#### YOUR OBJECTIVE:
Output exactly what appears from the line containing "ZEYBRA Camicia Uomo In Lino Vendita calda" to the end of the data below, and nothing more.
COLLECTED DATA Block Start
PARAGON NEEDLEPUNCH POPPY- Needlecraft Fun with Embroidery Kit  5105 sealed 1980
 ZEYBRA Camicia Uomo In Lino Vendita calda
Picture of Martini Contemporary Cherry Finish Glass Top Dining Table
COLLECTED DATA Block End
#### TASK RESULT:
 ZEYBRA Camicia Uomo In Lino Vendita calda
Picture of Martini Contemporary Cherry Finish Glass Top Dining Table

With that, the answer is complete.